Available data section start

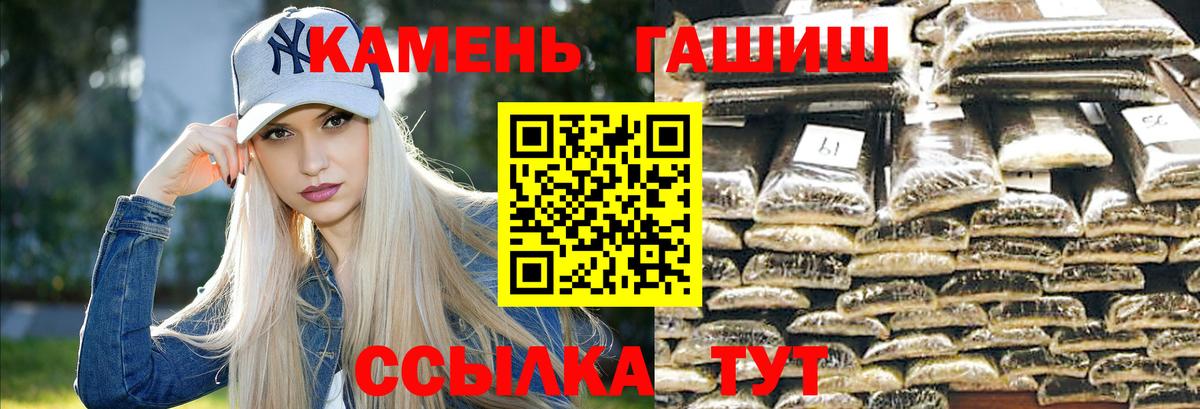 ГАШИШ hashish Городец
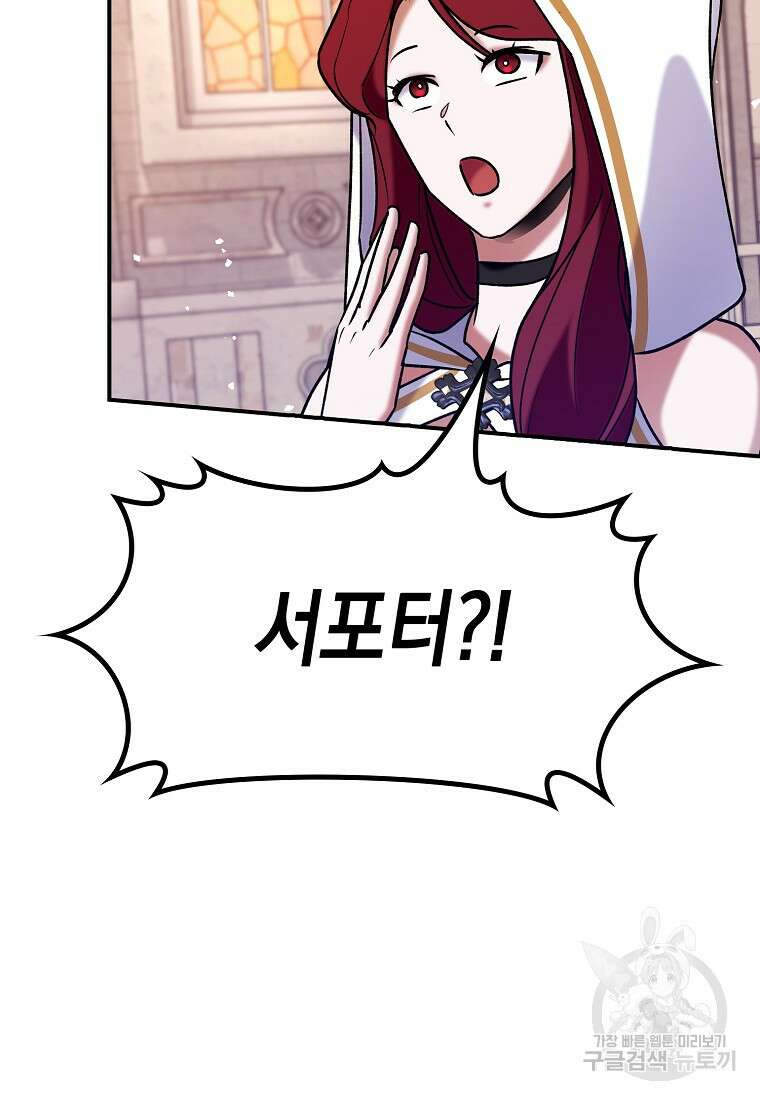 하드캐리 서포터 20화 28
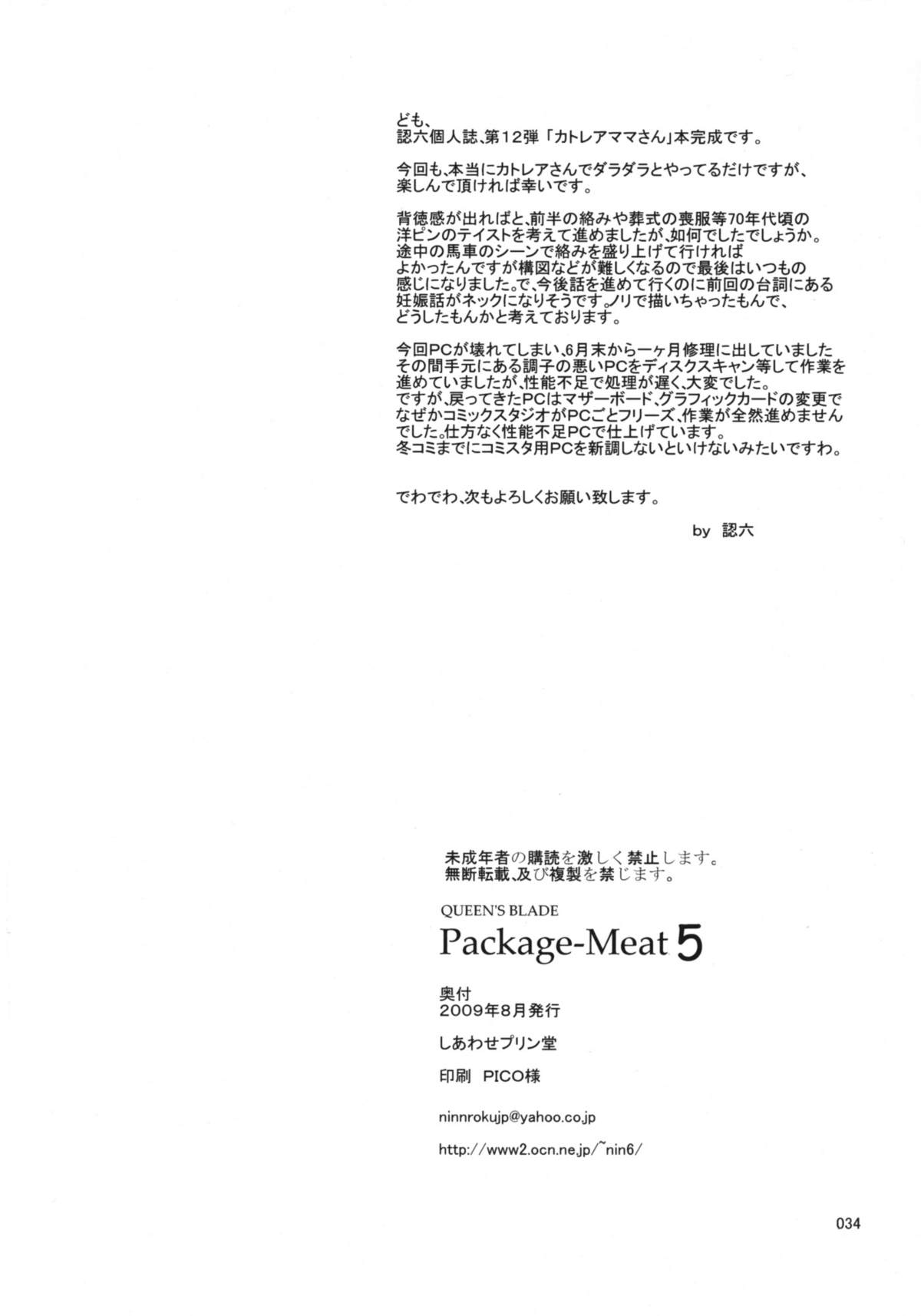 (C76) [しあわせプリン堂 (認六)] Package-Meat 5 (クイーンズブレイド)
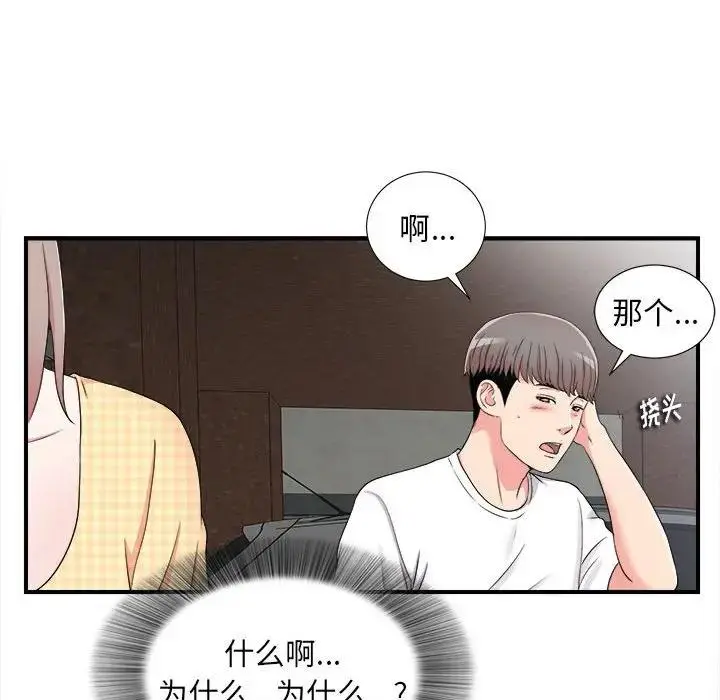 陌生的视线 第 7 话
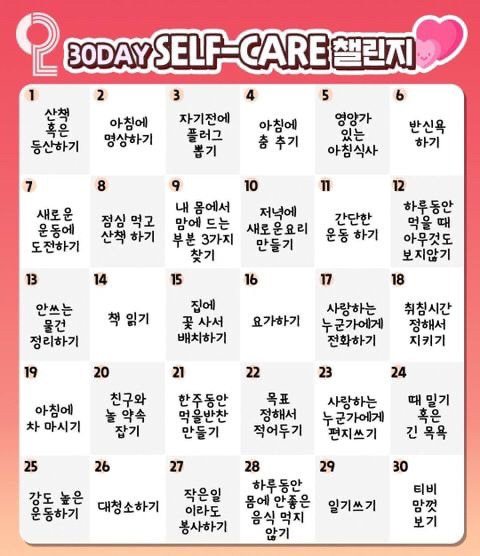 삶이 무료할때 알찬 한 달 보내기 챌린지 | 인스티즈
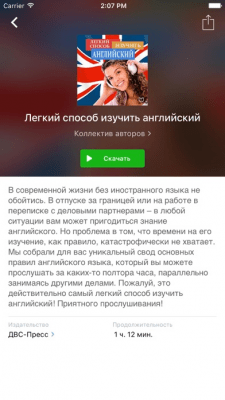 Скриншот приложения Английский язык. Экспресс курс. - №6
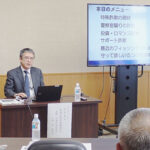 茨城県境署の副署長が町議全員に防犯講話　詐欺等に注意訴え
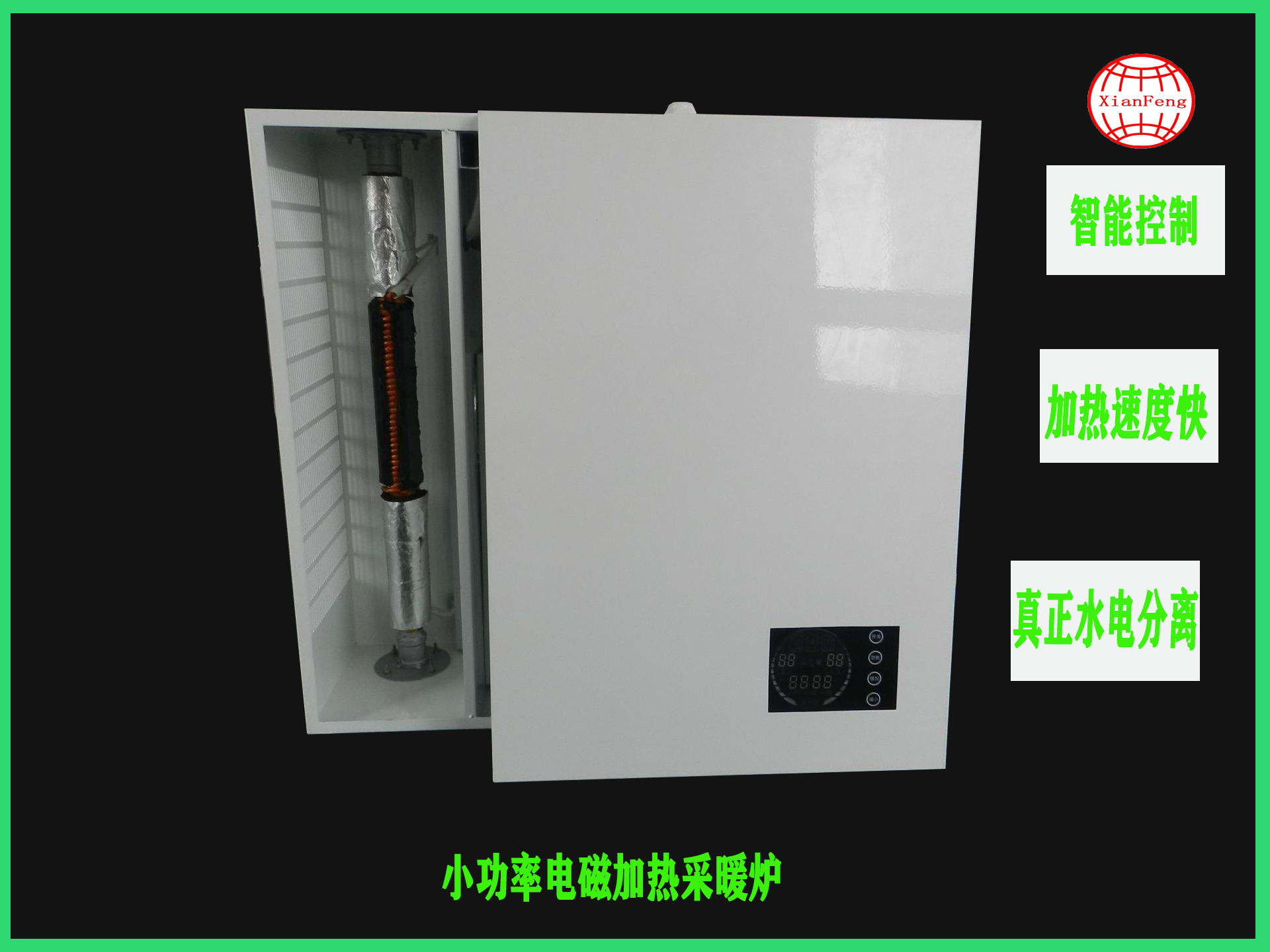 10KW 变频电磁采...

Available data section end

*What to produce*
What is needed is an exact repetition of every line from the line with "(C76) [しあわせプリン堂 (認六)]" to the end of the data above, both ends included, with no pictures.

*Reply to the task*
 (C76) [しあわせプリン堂 (認六)] Package-Meat 5 (クイーンズブレイド)
 陌生的视线 第 7 话
 삶이 무료할때 알찬 한 달 보내기 챌린지 | 인스티즈
 Скриншот приложения Английский язык. Экспресс курс. - №6
 茨城県境署の副署長が町議全員に防犯講話　詐欺等に注意訴え
 10KW 变频电磁采...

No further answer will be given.